More than 40 Peruvians are feared dead after an avalanche of mud and rocks, possibly triggered by seismic activity, buried a village in northern Andes on November 8, civil defence officials said. Villagers in Sicsi, which has several natural hot water springs, said moments before the avalanche they heard an explosion and saw a large cloud, while a sulphur-like smell engulfed the area, civil defence officials said.
The avalanche also rained down on other small groups of mud-brick homes around Sicsi, about 530 miles north of Lima, leaving an estimated 1,200 people homeless. Heavy rains in Peru typically trigger avalanches of rocks, earth and water. This is a common feature in the Andes. The latest one was a result of underground earth movements, said experts. It seems to have been some sort of volcanic eruption, they added.

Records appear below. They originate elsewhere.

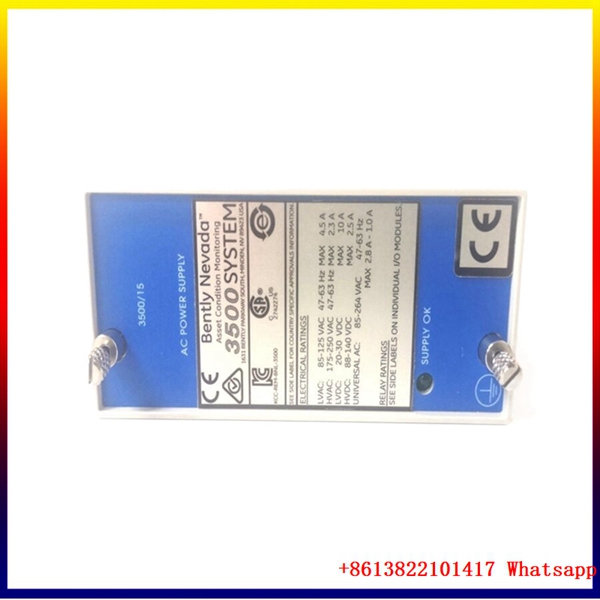 BENTLY 167699-02 1900/65A 机械状态监测与保护模块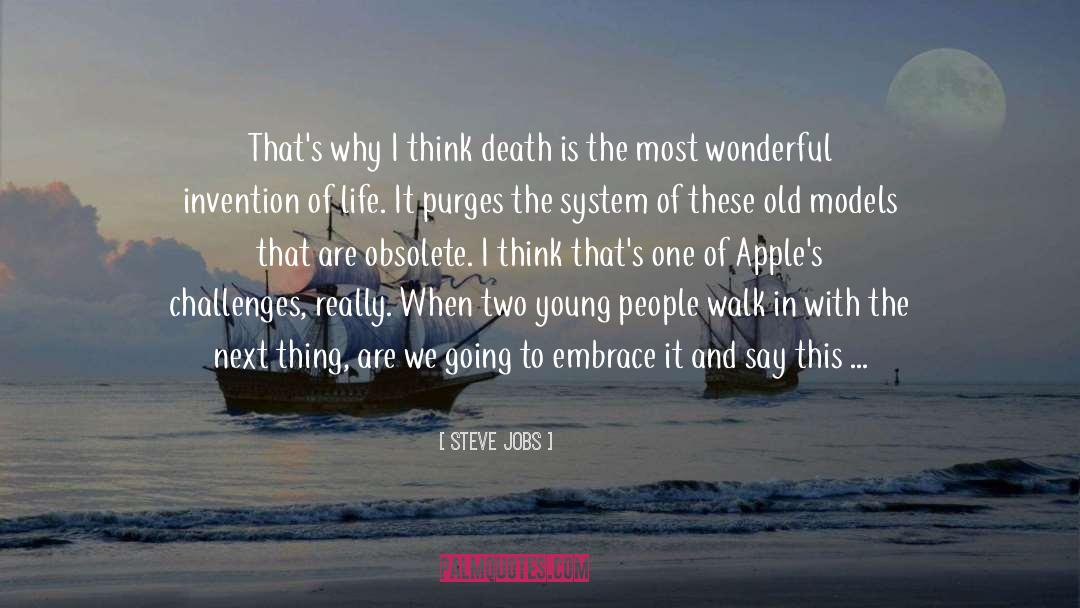 Steve Jobs Quotes: That's why I think death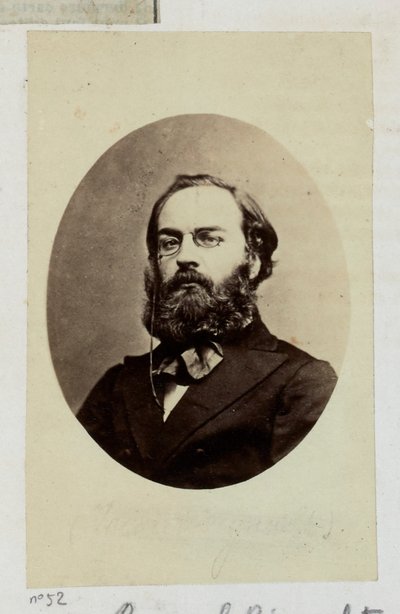 Rigault Raoul Adolf Georges (1846-1871). Dziennikarz i polityk, zostaje mianowany do prefektury policji (20 marca 1871), do Komisji Bezpieczeństwa Powszechnego (29 marca 1871). W tej roli przywłaszcza sobie władzę, represjonując swoich przeciwników... autorstwa Etienne Carjat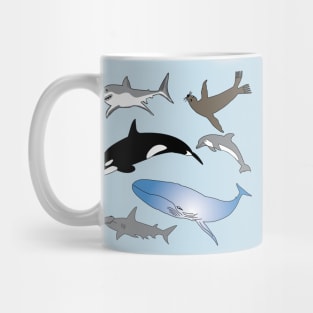 Marine Life Bliss, wildlife gifts, illustration, sea life Mug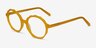 Anemone Clear Yellow AcetateEyeglass Frames from EyeBuyDirect, Angle View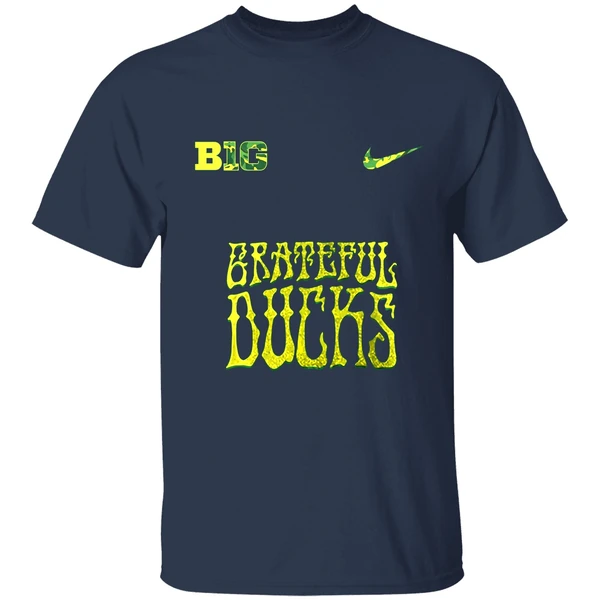 Oregon Ducks Grateful Dead Grateful Ducks Go Ducks Logo Shirt - Image 5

"This is unusual in the area it was completely unforeseeable," said Cesar Ramal, the civil defence official heading the rescue operation from nearby Cajamarca.
Villagers in Sicsi, which has a population of 1,000, used its only form of communication, with other villages in the area, an old two-way radio to notify authorities of the disaster. Most of the missing are residents of La Pucara who were taken completely by surprise. Only one army plane carrying six tonnes of water was able to land near the scene of disaster.
Civil defence rescue teams were searching for survivors and providing food and blankets to the homeless, when last reports came in. A team of geologists from a local mine also arrived at the village to investigate the cause of the avalanche.